Set down the full listing below word for word; pictures stay out of the copy.

►

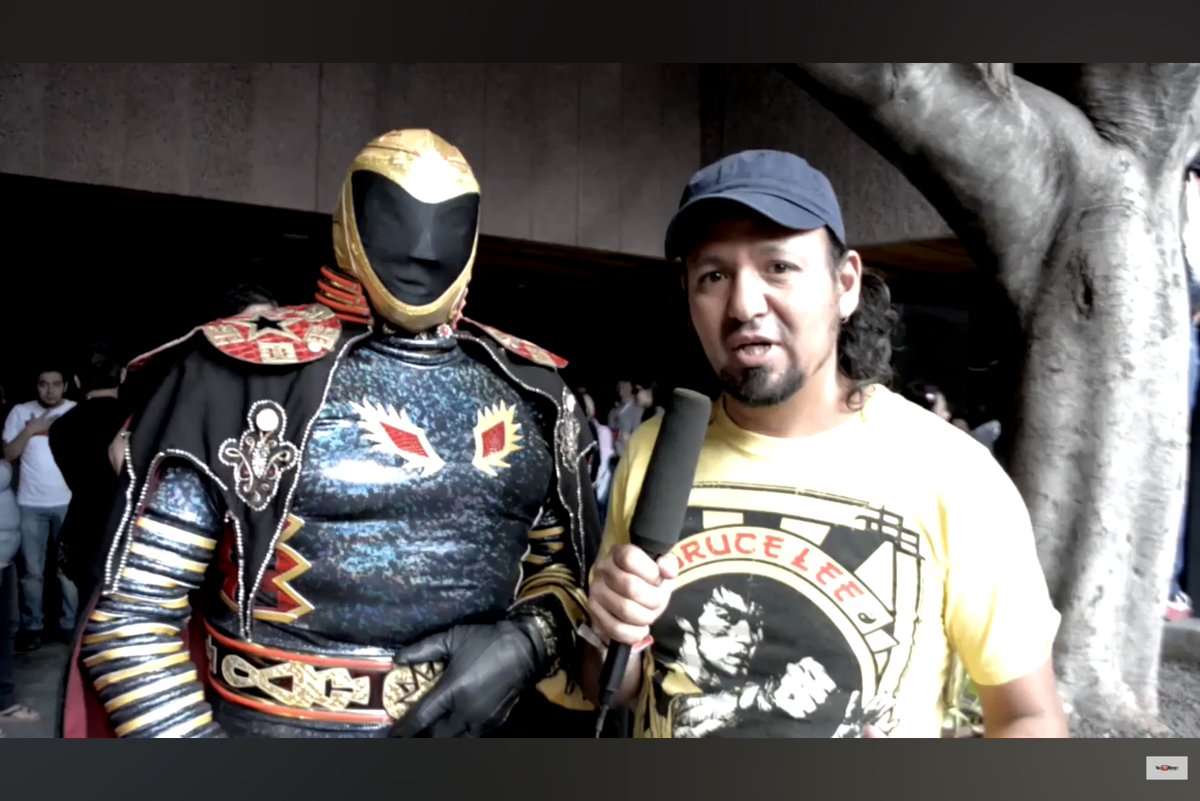 supermansteel34's tweet photo. Hola amigo Chava @jchavarria_cine 
¡Muchas gracias por entrevistar al gran #Tinieblas @tinieblasjrfull !
Se me puso la piel chinita de la emoción al recordar sus películas, serie de tv y comics.
Saludos. 🥹
https://t.co/ijW5J93dvE https://t.co/smqAM1PabC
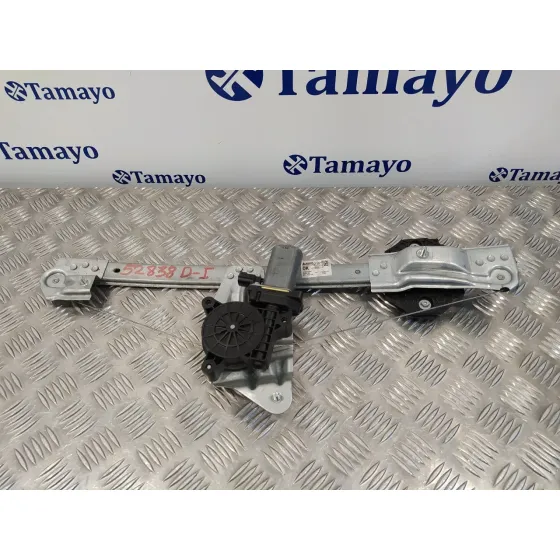 Elevalunas Delantero Izquierdo para Dacia Sandero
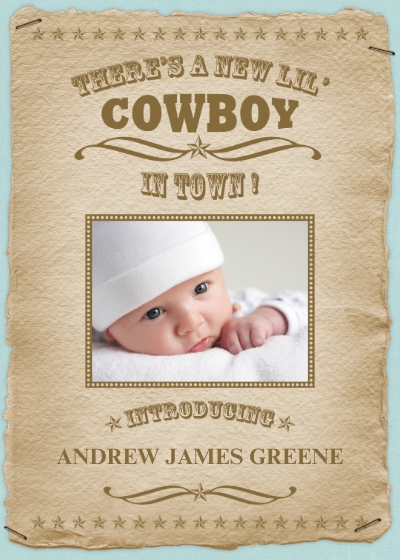 Lil' Cowboy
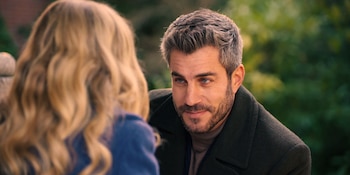 Valentina y Andrés en 'Sueños de libertad' (ATRESMEDIA).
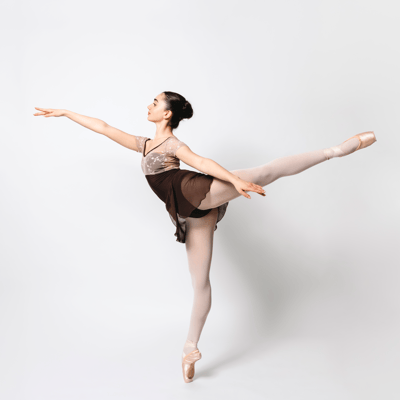 Elisa Perini — Classical dancer, Novara, Italy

◄

Output of the task:
 supermansteel34's tweet photo. Hola amigo Chava @jchavarria_cine 
¡Muchas gracias por entrevistar al gran #Tinieblas @tinieblasjrfull !
Se me puso la piel chinita de la emoción al recordar sus películas, serie de tv y comics.
Saludos. 🥹
https://t.co/ijW5J93dvE https://t.co/smqAM1PabC
 Elevalunas Delantero Izquierdo para Dacia Sandero
 Lil' Cowboy
 Valentina y Andrés en 'Sueños de libertad' (ATRESMEDIA).
 Elisa Perini — Classical dancer, Novara, Italy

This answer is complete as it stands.